Uitspraak
RECHTBANK LIMBURG
1.[eiseres sub 1] ,
[eiser sub 2],
1.[gedaagde sub 1] ,
[gedaagde sub 2],
Rechtbank Limburg
In deze zaak, die diende voor de Rechtbank Limburg op 2 september 2015, hebben eisers verzocht om verbetering van een eerder vonnis van 14 juli 2015. Dit verzoek was ingediend omdat in het dictum van het vonnis een onjuist adres was vermeld van het pand waarop executoriaal beslag was gelegd. De voorzieningenrechter heeft de gedaagden, [gedaagde sub 1] en [gedaagde sub 2], in de gelegenheid gesteld om op dit verzoek te reageren, maar zij hebben van deze mogelijkheid geen gebruik gemaakt.
De voorzieningenrechter heeft vastgesteld dat er sprake was van een kennelijke fout in het eerdere vonnis, die eenvoudig te herstellen was.
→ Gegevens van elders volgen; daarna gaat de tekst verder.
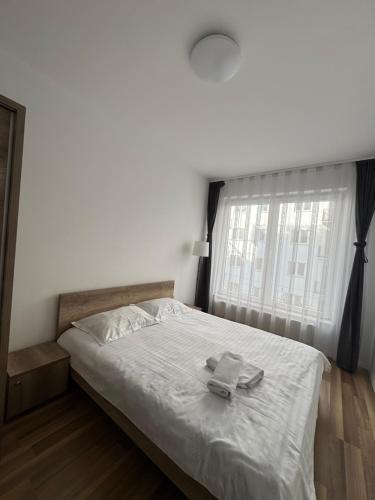 Ένα ή περισσότερα κρεβάτια σε δωμάτιο στο Sunflower Apartments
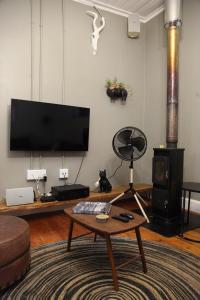 TV a/nebo společenská místnost v ubytování Light Shade Mountain + 18 fotografií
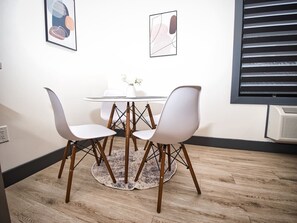 A dining area with a round table and four chairs, a vase with flowers, and two framed artworks on the wall. - Prime Location-Free Parking-20 Min to Times Square (West New York)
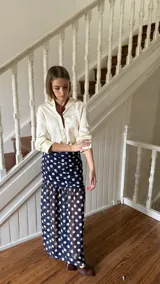 Falda larga de tiro alto color azul marino con estampado de lunares blancos, confeccionada en gasa de seda. Presenta corte ajustado en la cadera con frunces frontales y diseño fluido en la parte inferior.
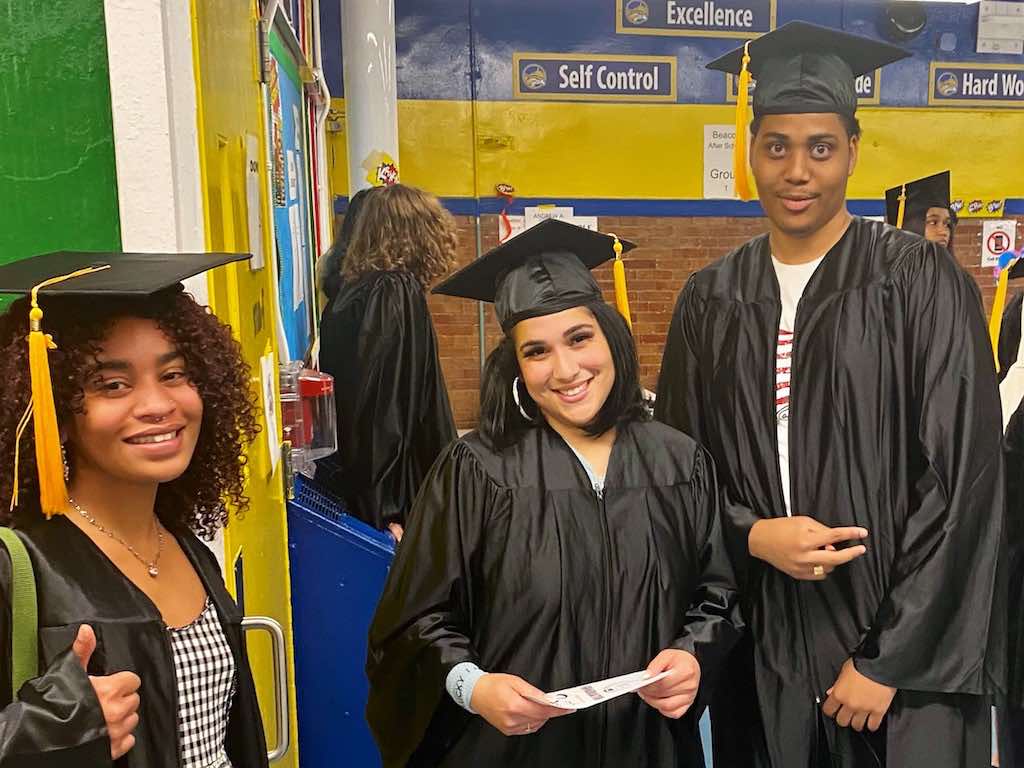 3 students at CAS graduation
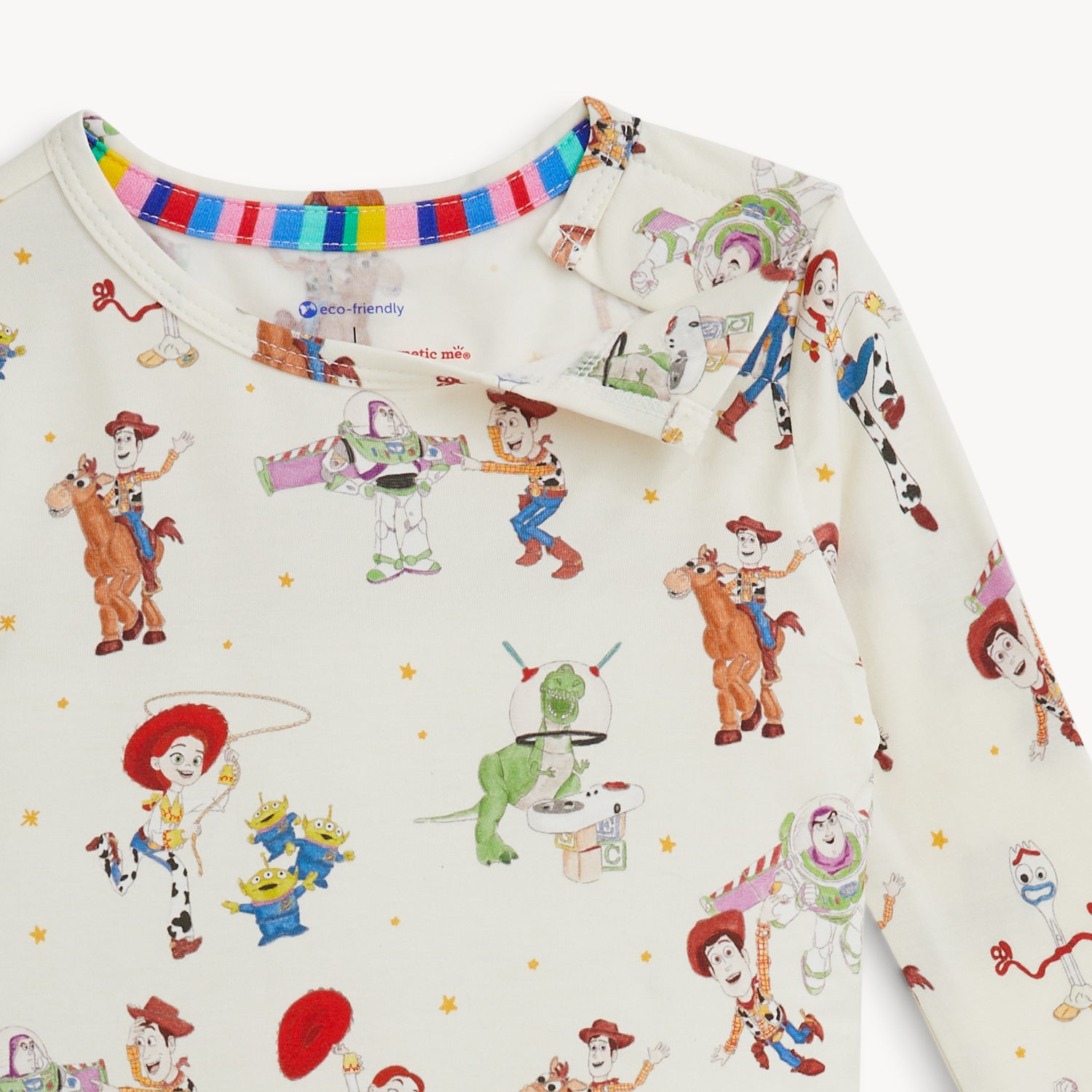Open magnet on the shoulder of A two-piece pajama set with a long-sleeve top and matching pants in a cream fabric featuring an all-over Disney Pixar Toy Story print of Woody, Buzz Lightyear, Jessie, Bullseye, Rex, Hamm, Slinky Dog, and the Aliens, by Magnetic Me.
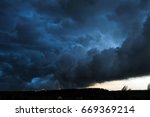 Summer landscape with black storm clouds in the sunset sky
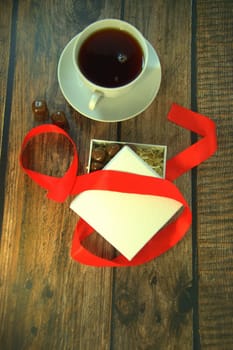 A cup of tea, a white box of chocolates with a red satin ribbon on a wooden table. Close-up.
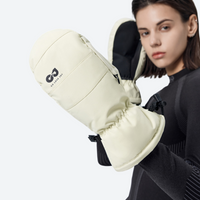 
                  
                    Snow mittens with touchscreen fingertips - cream snow mittens on model, women wear view, for snow sports weekends
                  
                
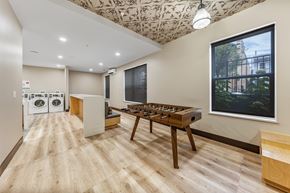 Jersey City apartment for rent - a game room with a foosball table and a large window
In het herstelvonnis heeft de voorzieningenrechter de onjuiste adressen gecorrigeerd en de details van het beslag aangepast. De verbeteringen zijn aangebracht in de punten 5.1 en 5.2 van het eerdere vonnis, waarbij de juiste adressen en kadastrale gegevens zijn vermeld.
Daarnaast heeft de voorzieningenrechter bepaald dat deze verbetering op de minuut van het vonnis van 14 juli 2015 moet worden vermeld, met de datum van 19 augustus 2015. Ook is gelast dat partijen, voor zover zij dit nog niet hebben gedaan, de ontvangen afschriften van het eerdere vonnis aan de griffie van de rechtbank moeten retourneren. Het vonnis is uitgesproken door mr. R.H.J. Otto in het openbaar.